Reports Note That Banks Are Implementing, VCs Are Funding Blockchain

By Paula Bernier September 12, 2016

Bitcoin and blockchain technology companies attracted $290 million in venture capital funding in the first half of 2016, according to a study from Juniper Research.

Those dollars went to 30 companies, Juniper Research indicates. Social payment provider Circle, sidechain developer Blockstream, and distributed ledger solutions provider Digital Asset Holdings were the key benefactors of those investments, garnering a third of the money, the study says.

Juniper Research in this report discusses the diversification of blockchain deployments, saying they range from applications like asset management to identity.

The report, called The Future of Blockchain: Bitcoin, Remittance, ID Verification & Smart Contracts 2016-2021, also talks about the embrace of blockchain by banks, some of which it says have adopted Ripple and other protocols. (However, a Financial Times posting today says although banks are rushing to adopt blockchain, it is a significant challenge for them to implement due to the big changes in process and culture it entails.)

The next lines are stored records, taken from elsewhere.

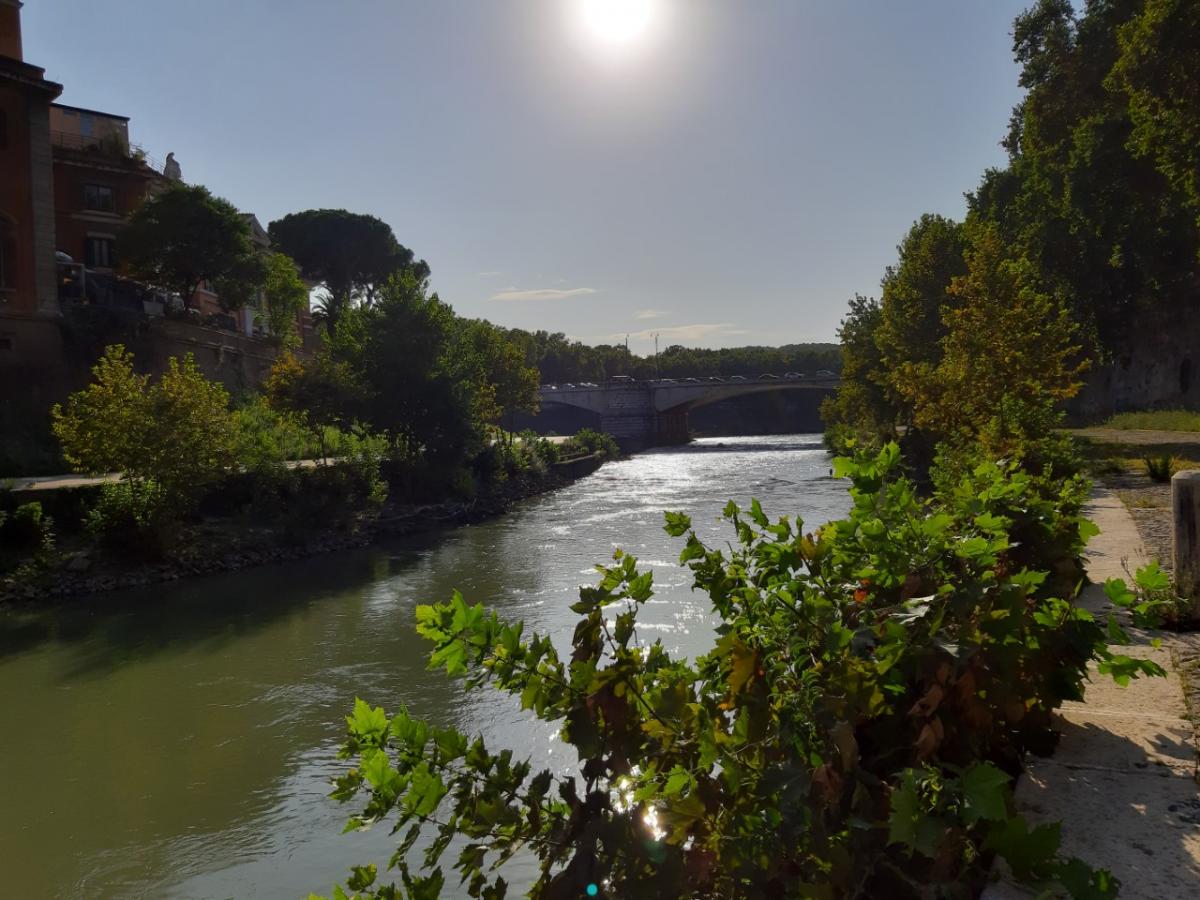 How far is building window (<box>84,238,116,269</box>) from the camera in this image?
38.3 meters

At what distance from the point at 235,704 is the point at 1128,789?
416 inches

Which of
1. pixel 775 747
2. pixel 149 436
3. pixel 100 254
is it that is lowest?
pixel 775 747

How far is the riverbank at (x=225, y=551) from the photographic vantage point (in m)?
17.9

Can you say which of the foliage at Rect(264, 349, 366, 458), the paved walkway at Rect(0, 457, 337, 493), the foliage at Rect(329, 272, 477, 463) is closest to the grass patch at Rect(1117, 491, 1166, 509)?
the paved walkway at Rect(0, 457, 337, 493)

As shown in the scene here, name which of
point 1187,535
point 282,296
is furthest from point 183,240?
point 1187,535

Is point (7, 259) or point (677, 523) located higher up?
point (7, 259)

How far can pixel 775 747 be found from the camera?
2562mm

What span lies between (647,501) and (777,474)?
39.3 feet

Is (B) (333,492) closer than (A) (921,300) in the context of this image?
Yes

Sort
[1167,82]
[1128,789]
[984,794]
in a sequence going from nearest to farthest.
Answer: [984,794]
[1128,789]
[1167,82]

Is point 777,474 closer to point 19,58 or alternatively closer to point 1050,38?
point 1050,38

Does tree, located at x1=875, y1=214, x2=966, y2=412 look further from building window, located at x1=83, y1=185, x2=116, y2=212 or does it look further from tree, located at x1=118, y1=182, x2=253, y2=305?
building window, located at x1=83, y1=185, x2=116, y2=212

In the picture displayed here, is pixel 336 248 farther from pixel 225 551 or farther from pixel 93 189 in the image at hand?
pixel 225 551

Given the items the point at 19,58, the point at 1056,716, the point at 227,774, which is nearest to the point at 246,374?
the point at 19,58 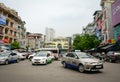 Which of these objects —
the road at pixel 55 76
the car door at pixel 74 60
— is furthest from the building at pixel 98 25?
the road at pixel 55 76

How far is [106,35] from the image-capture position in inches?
1865

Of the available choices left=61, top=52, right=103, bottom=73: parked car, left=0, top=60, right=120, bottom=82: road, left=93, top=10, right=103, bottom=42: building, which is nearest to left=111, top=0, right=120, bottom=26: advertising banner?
left=93, top=10, right=103, bottom=42: building

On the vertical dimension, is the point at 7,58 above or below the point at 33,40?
below

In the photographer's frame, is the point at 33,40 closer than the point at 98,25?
No

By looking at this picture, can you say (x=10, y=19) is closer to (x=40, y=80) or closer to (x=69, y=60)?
(x=69, y=60)

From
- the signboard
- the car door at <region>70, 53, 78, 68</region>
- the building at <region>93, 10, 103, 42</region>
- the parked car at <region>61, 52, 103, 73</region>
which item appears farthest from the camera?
the building at <region>93, 10, 103, 42</region>

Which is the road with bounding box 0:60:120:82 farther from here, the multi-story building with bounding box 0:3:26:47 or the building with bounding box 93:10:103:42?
the building with bounding box 93:10:103:42

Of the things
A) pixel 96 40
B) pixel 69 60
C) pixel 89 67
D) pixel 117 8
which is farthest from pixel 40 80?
pixel 96 40

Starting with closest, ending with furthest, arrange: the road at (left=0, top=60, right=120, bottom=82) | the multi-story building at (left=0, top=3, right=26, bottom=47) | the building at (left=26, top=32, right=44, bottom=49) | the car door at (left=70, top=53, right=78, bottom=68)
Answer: the road at (left=0, top=60, right=120, bottom=82), the car door at (left=70, top=53, right=78, bottom=68), the multi-story building at (left=0, top=3, right=26, bottom=47), the building at (left=26, top=32, right=44, bottom=49)

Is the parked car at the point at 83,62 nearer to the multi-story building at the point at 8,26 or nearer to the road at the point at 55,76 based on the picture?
the road at the point at 55,76

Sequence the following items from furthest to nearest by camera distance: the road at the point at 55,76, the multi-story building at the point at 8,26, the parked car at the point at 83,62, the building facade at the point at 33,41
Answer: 1. the building facade at the point at 33,41
2. the multi-story building at the point at 8,26
3. the parked car at the point at 83,62
4. the road at the point at 55,76

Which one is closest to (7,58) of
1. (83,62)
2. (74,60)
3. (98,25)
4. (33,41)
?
(74,60)

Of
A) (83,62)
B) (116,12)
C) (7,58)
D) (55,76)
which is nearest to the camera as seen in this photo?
(55,76)

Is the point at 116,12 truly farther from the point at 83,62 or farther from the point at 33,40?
the point at 33,40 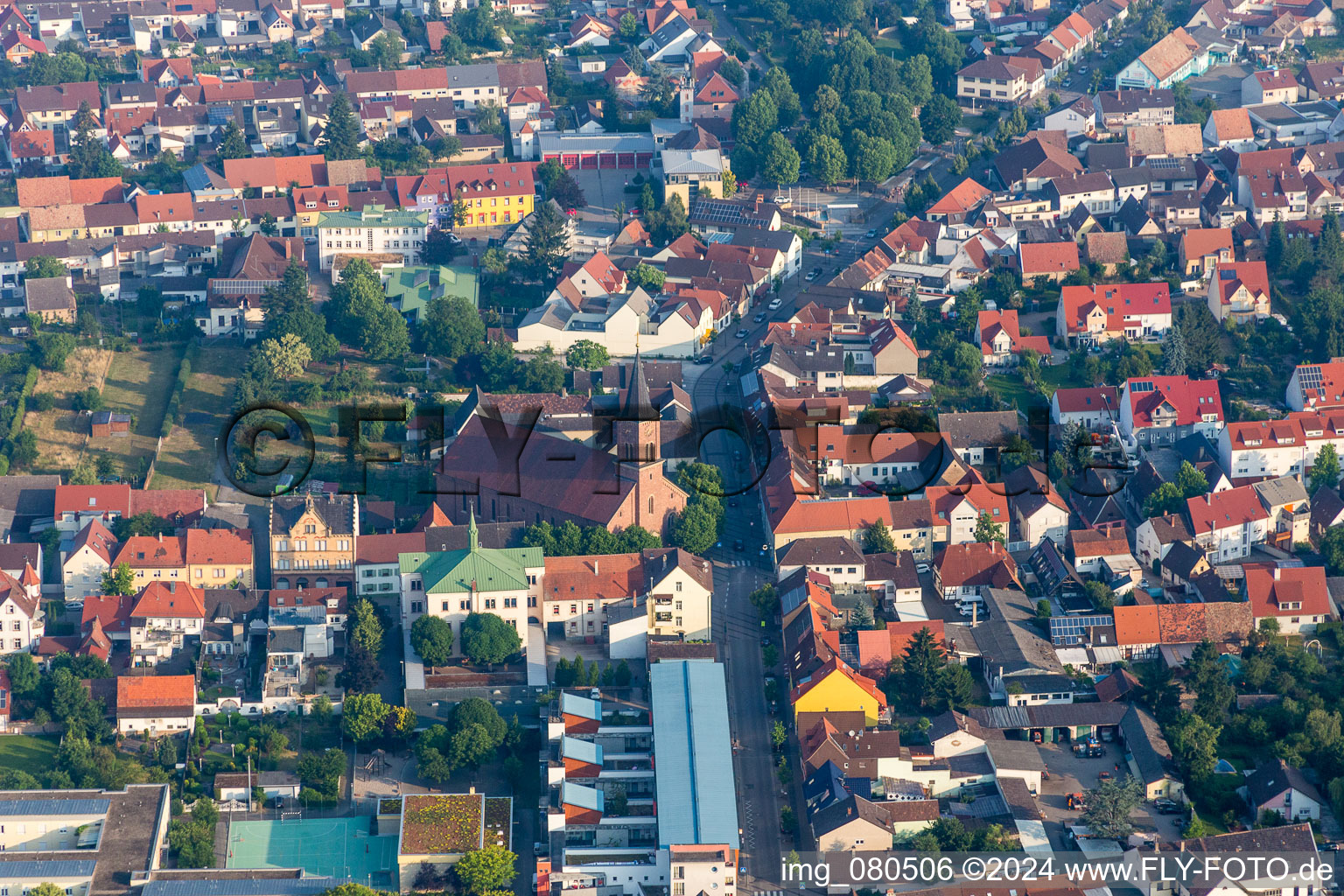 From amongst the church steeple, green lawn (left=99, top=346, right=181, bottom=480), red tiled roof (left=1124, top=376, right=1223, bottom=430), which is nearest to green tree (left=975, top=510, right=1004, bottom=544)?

Juniper Research also suggests that using blockchain-based systems can reduce the risk of error and time to check for errors in such applications as transaction settlements, and that it could enable new, lower cost players to enter the cross-border remittance arena.

However, on the down side, Juniper Research says blockchain-based smart contracts infected with bugs or with other flaws are visible to all users of that blockchain. In fact, the research firm pointed to a recent flaw on the Decentralised Autonomous Organisation network, which it said was exploited by a third party and led to misappropriation of nearly $80 million in cryptocurrency.

“While blockchain technology offers the potential for increased speed, transparency and security across an array of verticals,” says Windsor Holden, who wrote the report, “there has to be rigorous and robust road testing in each unique use case before any decision is taken.”